ABSTRACT: Sterilization, like any other surgical procedure, must be carried out under the general ethical principles of respect for autonomy, beneficence, and justice. Women requesting sterilization should be encouraged to discuss their decision and associated issues with their husbands or other appropriate intimate partners. The physician who objects to a patient's request for sterilization solely as a matter of conscience has the obligation to inform the patient that sterilization services may be available elsewhere and should refer the patient to another caregiver. The presence of a mental disability does not, in itself, justify either sterilization or its denial. When a patient's mental capacity is limited and sterilization is considered, the physician must consult with the patient's family, agents, and other caregivers in an effort to adopt a plan that protects what the consulted group believes to be the patient's best interests while, at the same time, preserving, to the maximum extent possible, the patient's autonomy. .

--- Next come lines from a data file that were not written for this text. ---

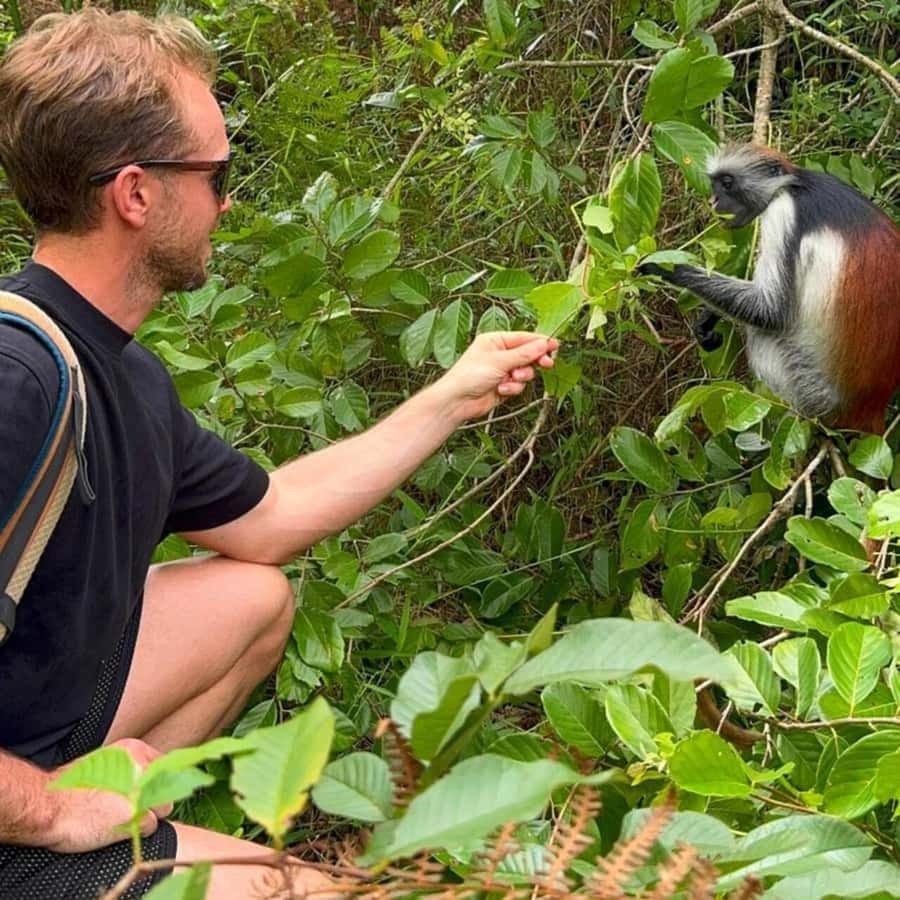 Explore Jozani Forest and Zanzibar Spice Farm - Key points to know before booking
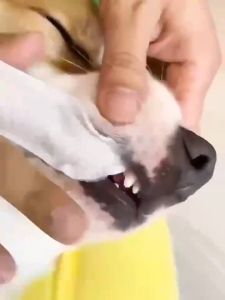 Pet Dental Care Finger Wipe Teeth Cleaning Wipe The Tear Clean The Ear for Cat and Dog 50pcs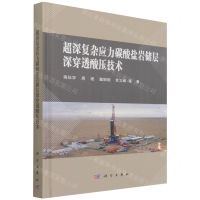 [N]超深复杂应力碳酸盐岩储层深穿透酸压技术(精)-9787030703866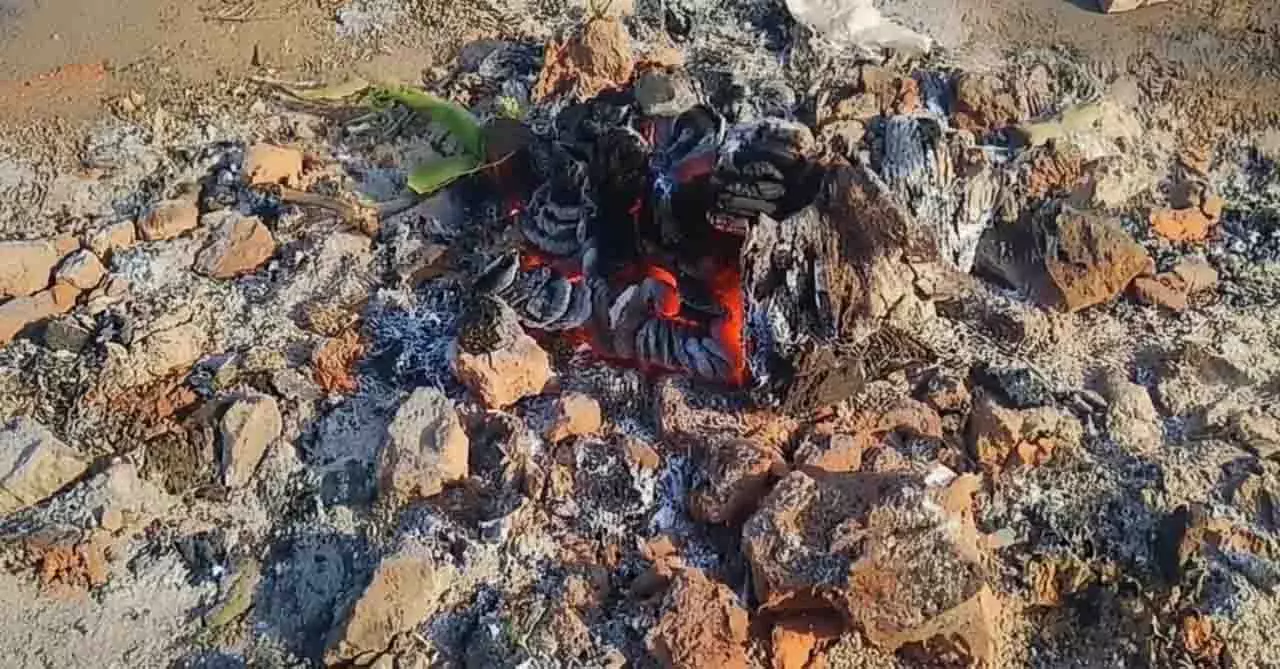 Rayagada विस्फोट मामले में नया मोड़ आया; घर पर पटाखे बनाते समय धमाका हुआ Rayagada विस्फोट मामले में नया मोड़ आया; घर पर पटाखे बनाते समय धमाका हुआ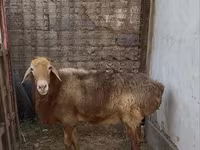 كبش, Edilbay sheep — الصورة 1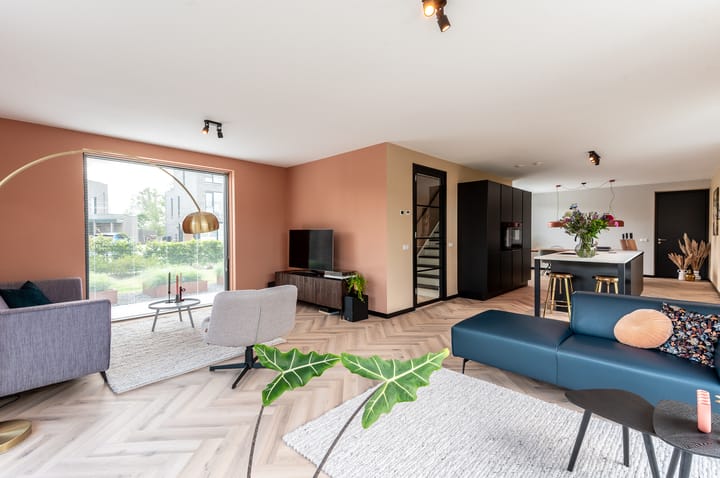 Photo 3 of Schoener 41 50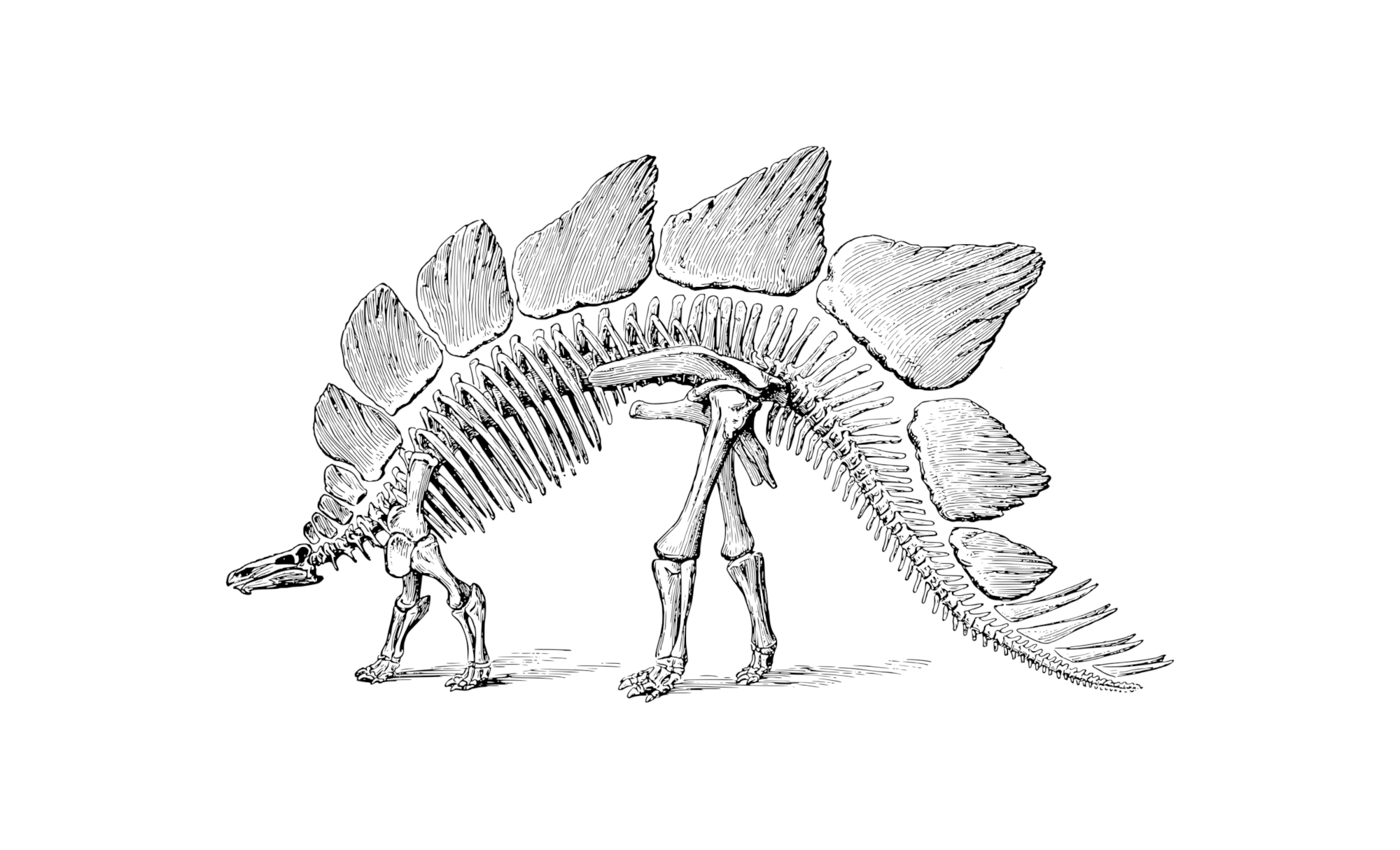 Хребет динозавра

|*Update of "Sterilization of Women, Including Those With Mental Disabilities" in Ethics in Obstetrics and Gynecology, Second Edition, 2004.
Sterilization, like any other surgical procedure, must be carried out under the general ethical principles of respect for autonomy, beneficence, and justice. Special ethical considerations are imposed by the unique attributes of sterilization. The procedure usually is done not for medical indications but electively for family planning. It may have a significant impact on individuals other than the patient, especially her partner. It is intended to be permanent, although techniques are available to attempt reversal or circumvent sterility. Finally, sterilization affects procreation and, therefore, may conflict with the moral beliefs of the patient, her family, or the physician. When the patient has diminished mental abilities or chronic mental illness, even more stringent ethical constraints apply.
General Ethical Principles
Under the principle of respect for autonomy, patients have the right to seek, accept, or refuse care. Respecting the patient's autonomy means that the physician cannot impose treatments. It does not mean that the physician must provide treatment, especially if the physician considers it inappropriate or harmful (eg, an 18-year-old patient who asks to undergo sterilization).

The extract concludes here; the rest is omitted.